All in all, the perfect spot to hide from a court summons, although that wasn’t why I was there that afternoon in September 1996. Along with three friends, I was on a layover after a hunting and fishing trip in the Arctic National Wildlife Refuge; we were waiting for a bush plane to fly us back to Deadhorse, where we’d left our pickup two weeks earlier.
In the lounge of the Waldo Arms, the island’s one hotel—hotel is an exceedingly generous term for what appeared to be a few double-wides bolted together—we lunched on turkey soup and watched the Dolphins play the Cardinals on satellite TV.
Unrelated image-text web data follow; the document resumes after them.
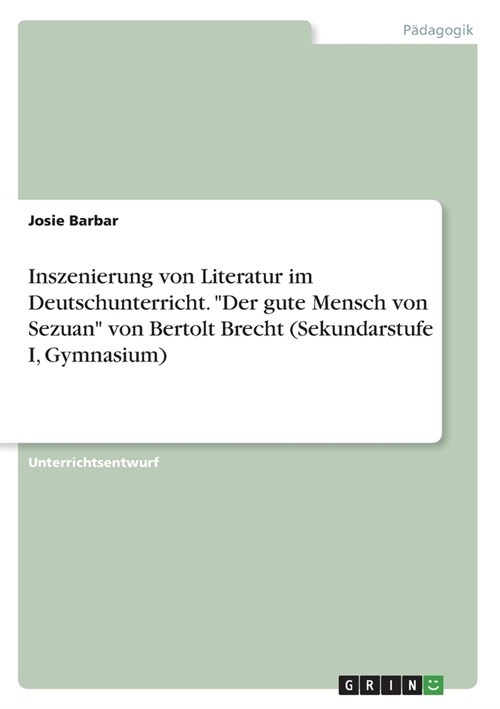 Inszenierung von Literatur im Deutschunterricht. Der gute Mensch von Sezuan von Bertolt Brecht (Sekundarstufe I, Gymnasium) (Paperback)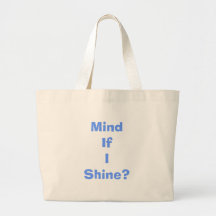 MindIfIShine? Tygkasse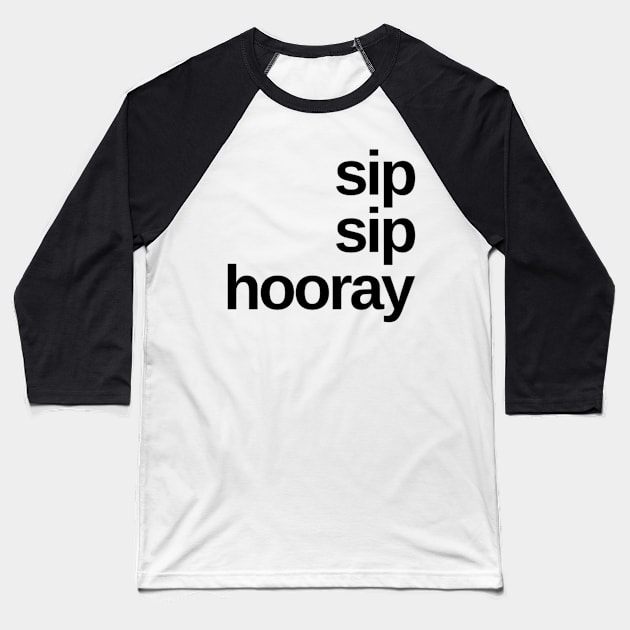 Sip Sip Hooray. A Great Design for Those Whos Friends Lead Them Astray and Are A Bad Influence. Funny Drinking Design. Baseball T-Shirt by That Cheeky Tee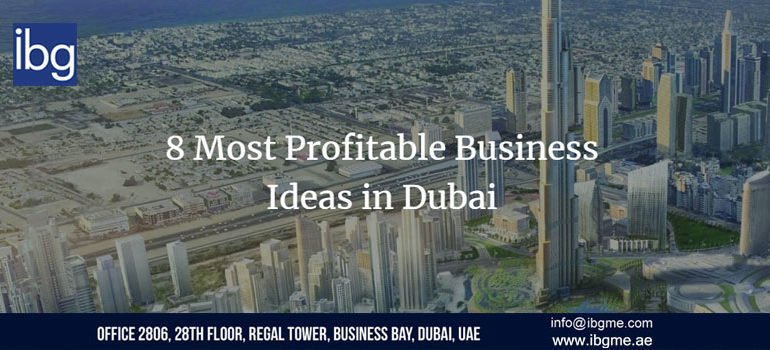 8 Most Profitable Business Ideas in Dubai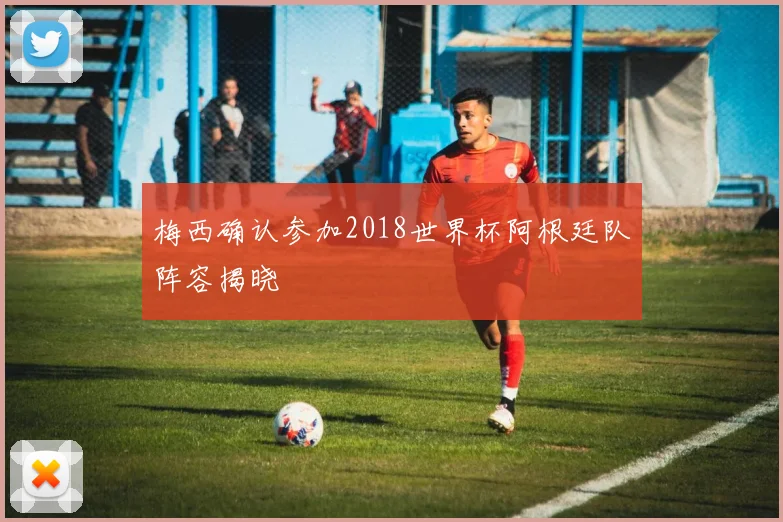 梅西确认参加2018世界杯阿根廷队阵容揭晓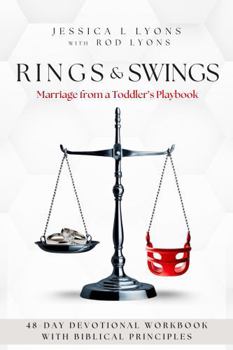 Paperback Rings & Swings: Marriage From A Toddler's Playbook Book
The thick soup was welcome after two weeks of MREs supplemented by lean, gamy caribou. A change of clothes, a shave, and a hot bath would have been still more welcome, but those luxuries would have to wait. After we landed in Deadhorse (its name is of uncertain origin), we faced an eighteen-hour drive to Fairbanks down the Dalton Highway, almost five hundred miles of potholed dirt and gravel.
“Keep an eye out for polar bears,” cautioned Walt Audi when, bored with hanging around, I decided to go for a walk. Walt owned the Waldo Arms and Audi Air, the flying service that had brought us to Kaktovic and, we trusted, would soon take us out. Somewhere in his sixties, with a white goatee and white hair foaming out from under a beret, he looked more like a tourist’s picture of a French painter than a bush pilot. He explained that Barter islanders practiced whaling Melville style, putting to sea in small boats armed with harpoons. The dead whales were towed ashore to be butchered, which attracted polar bears. If no blubbery scraps were available, they might settle for a fresh human.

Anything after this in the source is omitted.